混んだ電車。隣の老人が絶え間なく手をごそごそしていて、何をしているのかと思ったら両手の人差し指と親指に掛けた2本の輪ゴムを組み合わせてそれらをどうにかしようとしているようだった。ほとんどの人がスマートフォンを弄っているなかで、輪ゴム。僕は釘付けになった。

 

二本の輪ゴムは無色とレモンイエローで、普通の輪ゴムより少し太くて、質感も硬そうに見えた。
アヤトリや知恵の輪遊びの類いにしては力が要るようで、彼の肘はときおりがくがくと震えるほどだった。そのたびに僕に当たるのがけっこう不快だった。
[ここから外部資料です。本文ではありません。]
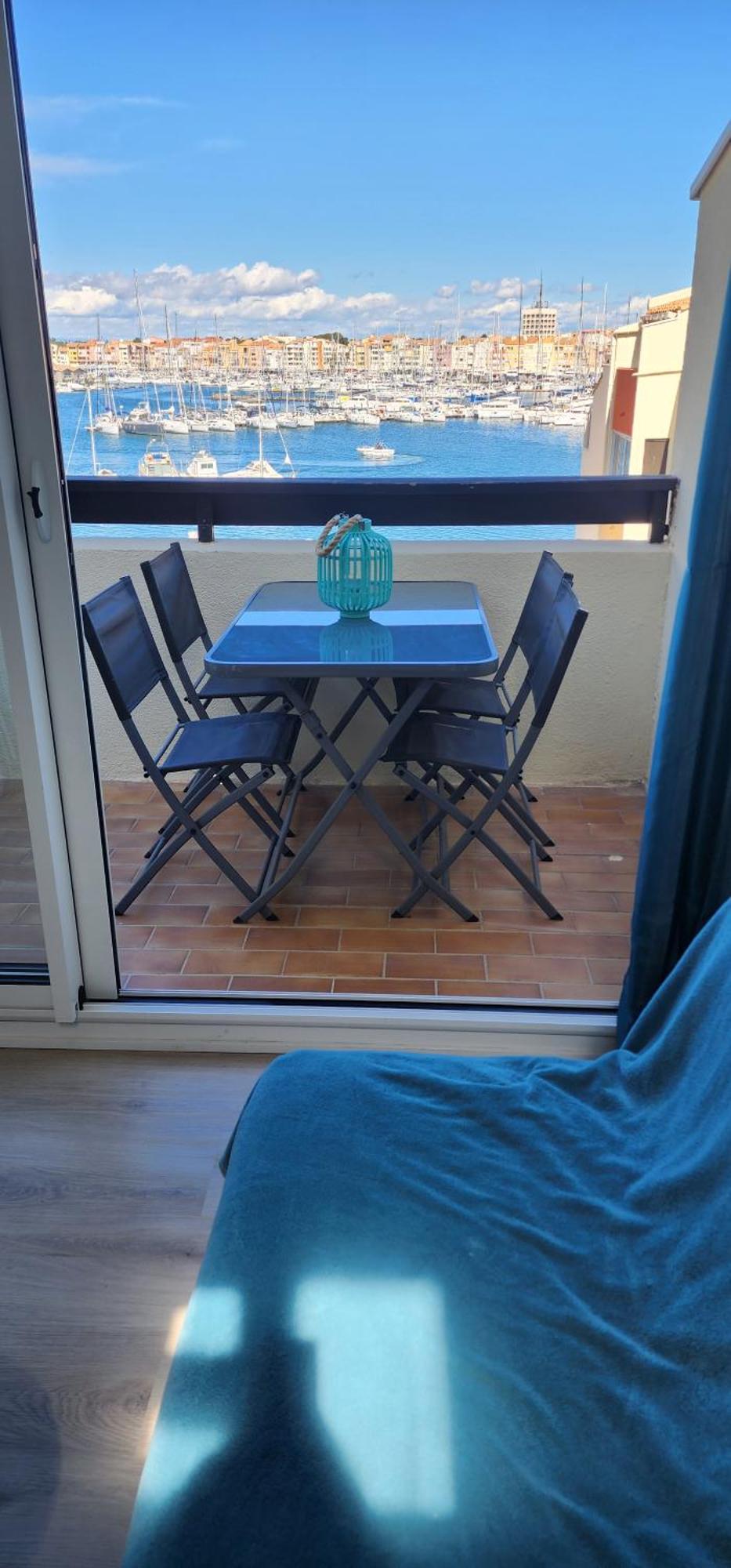 Studio Meuble Cap D Agde Avec Tres Belle Vue Sur Le Port Экстерьер фото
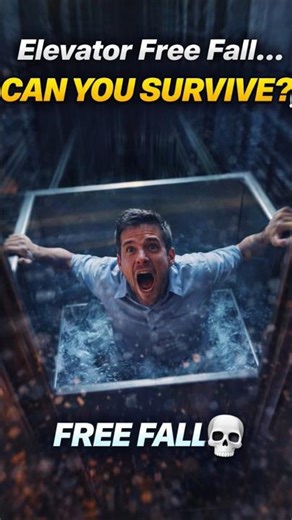 If an Elevator Free Falls… What Happens? 🛗💀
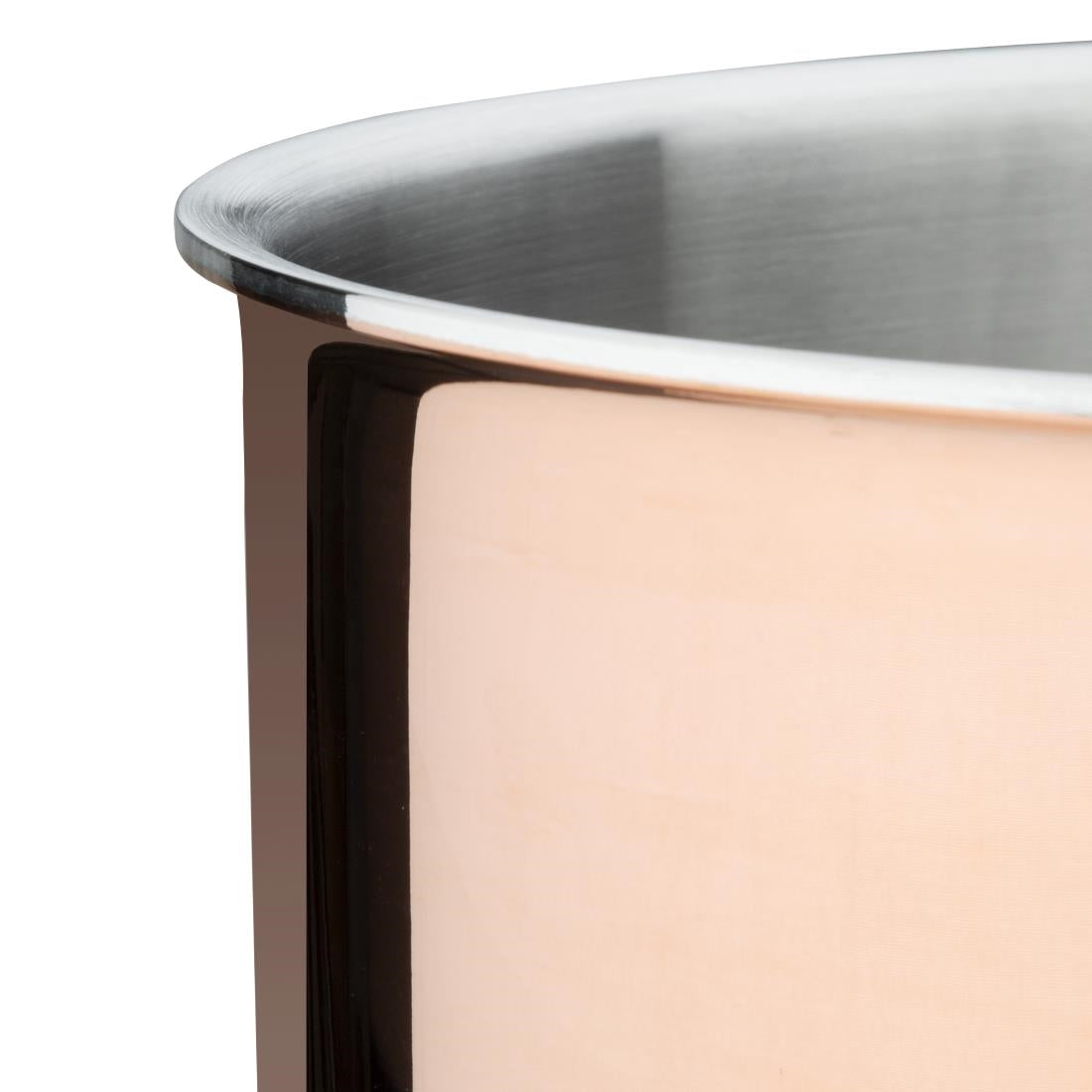 Vogue Copper Tri-Wall Saucepan 20cm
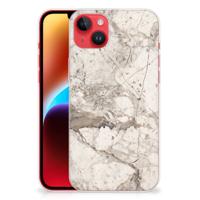 iPhone 14 Plus | TPU | Siliconen hoesje | Marmer Beige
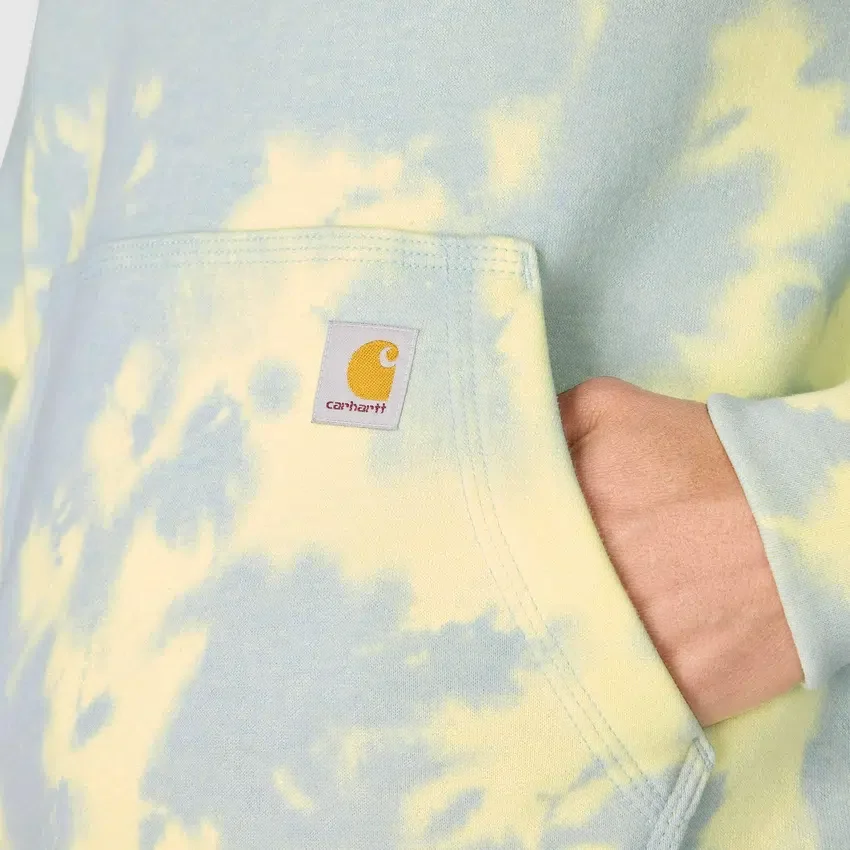 Marquette Tie-Dye-Hoodie für Damen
手指を動かすリハビリかトレーニングだろうか。
しばらくじっと見ていても手指と輪ゴムによる構造がとくに変わることはなく、彼が輪ゴムをどうしたいのか僕にはてんで理解できなかったが、そんな僕の遠慮ない凝視もお構い無しに、彼はとにかく輪ゴムに没頭していた。僕が電車に乗ってから降りるまで、それはずっと続いた。

 

その可能性は大いにあるが、僕はあれが老化防止の脳トレとか、なにか目的があるような行為であって欲しくないと思う。そういうことなら他人にぶつからないところでやれ。
しかし、もはやそう長くも生きていないであろう人間が意味不明の輪ゴム遊びに熱中していると思って見ていると、その様子はなにか素晴らしい、少なくとも興味深いもののように僕には思えた。

ベケットの『モロイ』の主人公は、6つのポケットと口のなかにある7つの「おしゃぶり石」を満遍なく順番にしゃぶるという楽しみとその複雑な手順を嬉々として述べている。純粋な遊びというのはそういうもののような気がする。本当にそんなものがあるのかはわからないけれど。